Marijka Michmershuizen
Marijka was 4 years old when she was flown by helicopter to UI Stead Family Children's Hospital after a diagnosis of meningitis led to several seizures and four strokes. A neurologist at the Des Moines hospital where she was first treated was concerned for her health and unsure what was triggering the strokes, so Marijka was sent to Iowa City, where the state’s only pediatric infectious disease doctors are located.

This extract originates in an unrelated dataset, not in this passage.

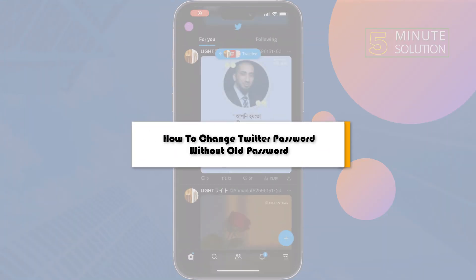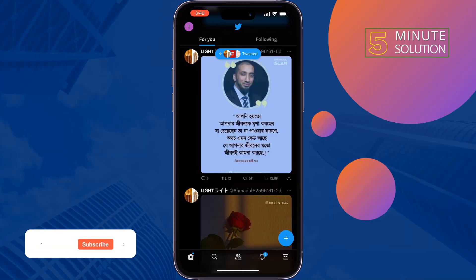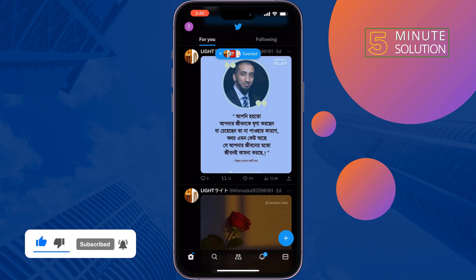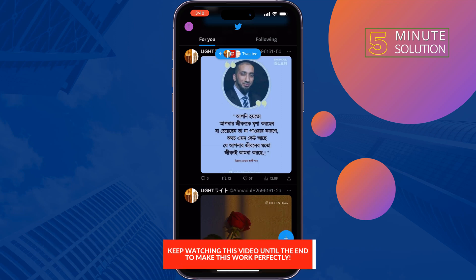This five-minute solution will show you how to change your Twitter password without your old password. If you forgot your Twitter current password, just follow these simple steps to reset your Twitter password without your old password.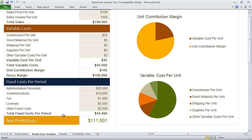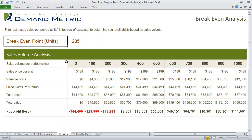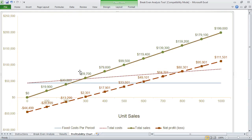Once you've completed this exercise, you go into the results tab and this is where you're actually able to determine the profitability based on sales volume. This is essentially a sensitivity analysis and you can see here the breakeven point is calculated for you. Also, there's a profitability chart and this is where you want to see the intersection of fixed cost, total cost, total sales, and net profit.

Noah, Isaiah, and Elijah Mulder
Noah first came to University of Iowa Stead Family Children's Hospital with genetic heart complications when he was 11. He had been seeing pediatric cardiologists at UI Stead Family Children's Hospital for two years when a test became available to identify the genetic defect. In 2013, all three Mulder boys – Noah, Isaiah, and Elijah – were found to carry the genetic defect.
Matthew McCarthy
Matthew was a healthy and happy 9-month-old until October 11, 2005. That morning he was squirming and squealing and trying to crawl away from his mother while she was getting him dressed for the day. Eight hours later, he was paralyzed from the shoulders down and fighting for his life.
Margaret Schafer
When Margaret was 11 years old, she started experiencing severe pain in her legs, hips, and shoulders – pain that made it difficult to get dressed or get on and off the school bus. Her local physician thought she might be having growing pains but the pain kept getting worse. In the spring of 2012, a pain specialist in Cedar Falls referred Margaret to a rheumatologist at UI Stead Family Children's Hospital.
Faith LeMaster
Faith was transferred to the UI Stead Family Children's Hospital Neonatal Intensive Care Unit when she was five days old. She had multiple organ failure, bleeding on the brain and gastrointestinal issues. In her 10 years of care at UI Stead Family Children's Hospital, she has been seen by doctors and nurses in 17 different areas.
Joseph Burken
Joseph was on vacation in Chicago with his family when he was diagnosed with a brain tumor. The 5-year-old spent 10 days at a Chicago hospital before being transferred to UI Stead Family Children's Hospital, where a care team had already been consulted and was ready to help.
Treytun Garcia
Doctors diagnosed Treytun with scleroderma when he was just 4 years old. Scleroderma is an autoimmune disease often characterized by the hardening of the skin and connective tissues.